Lawyers for the craft store chain and its sister company, Mardel Christian bookstore, asked the United States’ highest court to take the case, because other courts already gave conflicting decisions about religious freedom.
In the most recent ruling, ABC News reports that US District Judge Joe Heaton ruled in Hobby Lobby’s favor, giving the two companies a temporary exemption from the requirement that it offer its workers with insurance coverage for the controversial morning after pill.
However, the US Department of Health and Human Services filed a notice in federal court last month, saying it will seek a repeal of the decision. Heaton’s decision saved the companies from fines of up to $1.3 million per day for not offering the birth control methods.
The Washington Post notes that, in response to the department’s appeal notice, Hobby Lobby’s lawyers wrote a 51-page filing with the Supreme Court, explaining:
“As the federal government embarks on an unprecedented foray into health care replete with multiple overlapping mandates, few issues are more important than the extent to which the government must recognize and accommodate the religious exercise of those it regulates… Thus, Respondents agree with the government that this Court should grant the petition.”

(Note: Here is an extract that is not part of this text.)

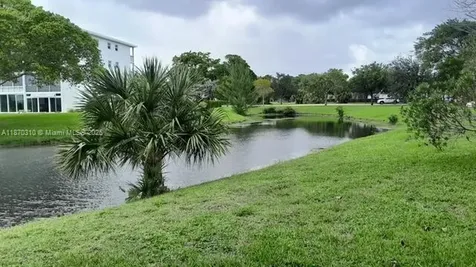 1087 Harwood F Deerfield Beach FL 33442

The Green family, which owns Hobby Lobby and Mardel Christian bookstores, is Christian and believes life begins at conception. Because of this, lawyers for the Greens say following the birth control mandate would either violate the family’s religious beliefs or cost them millions of dollars in fines.
The company’s insurance plans do offer 16 other forms of birth control, which are mentioned in the federal healthcare act. However, they do not offer the morning after pills or an intrauterine device, because these methods prevent an egg from attaching to the uterine wall, even if it is fertilized.
Heaton initially rejected Hobby Lobby’s request to block the birth control mandate. However, he reversed the decision after the 10th IS Circuit Court of Appeals ruled that the companies would likely succeed in their case. It isn’t known when the Supreme Court will respond to Hobby Lobby’s request to hear the case.